ASSIGNED TASK » Set down, exactly as written, every line from the one containing "puesta de sol en la selva australiana video" through the end of the listing.

—————

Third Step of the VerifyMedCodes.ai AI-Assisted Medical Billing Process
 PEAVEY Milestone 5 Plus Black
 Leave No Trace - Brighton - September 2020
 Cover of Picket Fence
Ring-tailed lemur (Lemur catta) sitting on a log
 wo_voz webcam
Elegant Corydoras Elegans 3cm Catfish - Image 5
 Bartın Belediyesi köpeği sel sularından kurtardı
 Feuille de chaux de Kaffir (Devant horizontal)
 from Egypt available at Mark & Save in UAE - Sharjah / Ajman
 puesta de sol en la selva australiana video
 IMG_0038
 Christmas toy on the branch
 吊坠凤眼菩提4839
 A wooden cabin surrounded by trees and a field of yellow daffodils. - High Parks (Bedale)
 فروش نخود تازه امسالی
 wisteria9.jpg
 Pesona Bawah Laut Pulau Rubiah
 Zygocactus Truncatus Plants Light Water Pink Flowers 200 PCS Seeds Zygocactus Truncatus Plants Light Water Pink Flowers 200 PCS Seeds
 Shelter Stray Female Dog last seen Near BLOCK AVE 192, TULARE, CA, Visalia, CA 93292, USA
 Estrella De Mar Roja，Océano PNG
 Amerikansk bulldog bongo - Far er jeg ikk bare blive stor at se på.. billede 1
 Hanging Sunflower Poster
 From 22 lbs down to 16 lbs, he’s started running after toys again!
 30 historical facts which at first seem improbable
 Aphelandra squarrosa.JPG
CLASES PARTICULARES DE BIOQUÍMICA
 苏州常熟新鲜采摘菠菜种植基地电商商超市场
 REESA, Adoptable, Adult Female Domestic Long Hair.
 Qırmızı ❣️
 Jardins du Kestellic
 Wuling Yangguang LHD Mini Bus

—————

RESPONSE TO THIS TASK »
 puesta de sol en la selva australiana video
 IMG_0038
 Christmas toy on the branch
 吊坠凤眼菩提4839
 A wooden cabin surrounded by trees and a field of yellow daffodils. - High Parks (Bedale)
 فروش نخود تازه امسالی
 wisteria9.jpg
 Pesona Bawah Laut Pulau Rubiah
 Zygocactus Truncatus Plants Light Water Pink Flowers 200 PCS Seeds Zygocactus Truncatus Plants Light Water Pink Flowers 200 PCS Seeds
 Shelter Stray Female Dog last seen Near BLOCK AVE 192, TULARE, CA, Visalia, CA 93292, USA
 Estrella De Mar Roja，Océano PNG
 Amerikansk bulldog bongo - Far er jeg ikk bare blive stor at se på.. billede 1
 Hanging Sunflower Poster
 From 22 lbs down to 16 lbs, he’s started running after toys again!
 30 historical facts which at first seem improbable
 Aphelandra squarrosa.JPG
CLASES PARTICULARES DE BIOQUÍMICA
 苏州常熟新鲜采摘菠菜种植基地电商商超市场
 REESA, Adoptable, Adult Female Domestic Long Hair.
 Qırmızı ❣️
 Jardins du Kestellic
 Wuling Yangguang LHD Mini Bus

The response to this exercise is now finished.